Il tuo snack spezzafame: venti mandorle

Come conferma uno studio recente, una manciata di frutta secca a metà mattina o a merenda regala senso di sazietà e un pieno di vitamina E, calcio e magnesio

Non hai finito le scorte di frutta secca delle feste natalizie? Meglio! Pesca ogni giorno dal cesto una ventina di mandorle come snackspezzafame a metà mattina o a merenda. Non solo la manciata ti regala un senso di sazietà, ma apporta anche nutrienti importanti per il tuo corpo: grassi insaturi, vitamina E, proteine, magnesio, ferro e calcio. E tutto senza farti ingrassare, se moderi le quantità (come tutti i semi oleaginosi, la mandorla è ricca di lipidi e contiene circa 600 calorie per 100 grammi). Anzi: spiluccare questo tipo di frutta secca alle cinque del pomeriggio ti consente di non sbranare un piattone di pasta a cena.
Il suggerimento è ribadito dai risultati di un recente studio dell’University of South Australia di Adelaide e della Purdue University di Lafayette (Stati Uniti) su 137 volontari. Ma come mai le mandorle frenano l’appetito? I ricercatori australiani e americani, come si legge sulle pagine dell’European Journal of Clinical Nutrition, ritengono sia dovuto alla buona quantità di grassi monoinsaturi e di fibre.
Effetto spezzafame a parte, le mandorle racchiudono uno scrigno di virtù. Sono indicate in particolare:
• per chi segue un regime vegetariano, perché rappresentano una buona fonte di proteine;
• per chi ha problemi di pigrizia intestinale, per merito delle fibre (meglio se abbinate a uno yogurt);
• per prevenire l’osteoporosi, grazie all’alto contenuto di calcio ma anche di magnesio, che favorisce la fissazione del calcio nelle ossa;
• per chi soffre di anemia, in quanto sono fra i vegetali più ricchi di ferro.

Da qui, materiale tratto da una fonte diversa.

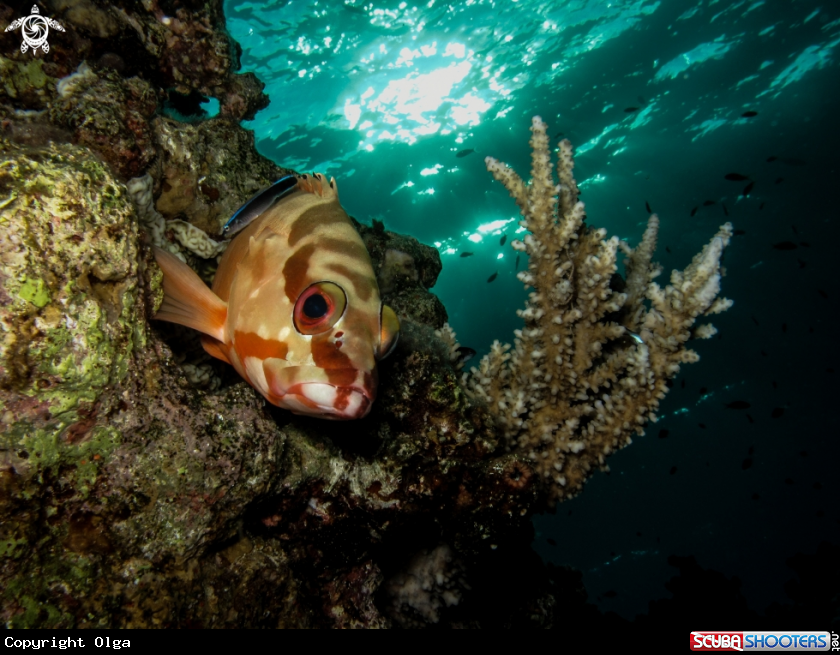 A coral grouper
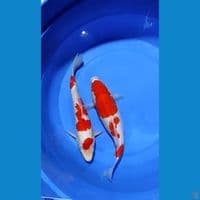 Kohaku strong Sejoli 35-36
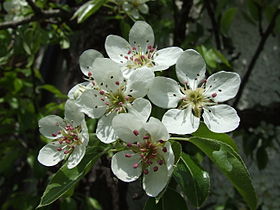 Fleurs de poirier européen (Pyrus communis)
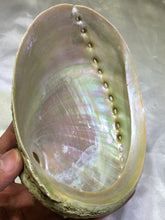 Load image into Gallery viewer, Abalone Shell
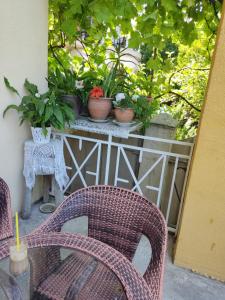 Boutique Hotel Eco-House 25 Tbilisi25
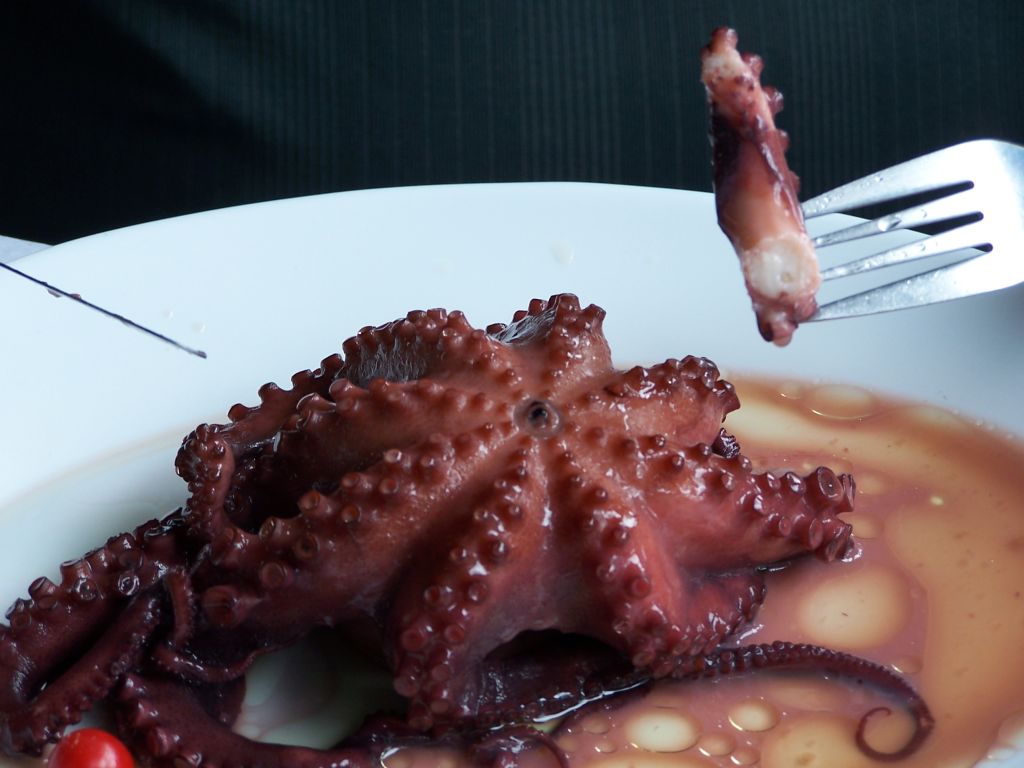 /dateien/uh67683,1290076527,pulpo gross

Le mandorle sono anche una miniera di magnesio (200 mg per 100 g), sostanza responsabile di molti processi metabolici essenziali, come la trasmissione nervosa. In pratica, un buon apporto di questo minerale è una garanzia antistress.
«Sono poi d’aiuto per proteggersi da raffreddore e influenza», spiega la nutrizionista Lucilla Titta (puoi chiederle un consulto), ricercatrice presso il dipartimento di oncologia sperimentale dell’Istituto europeo oncologico di Milano. «Il merito è della vitamina E nascosta sotto il guscio, uno dei nutrienti raccomandati dal ministero della Salute nella stagione fredda perché in grado di rafforzare le difese immunitarie».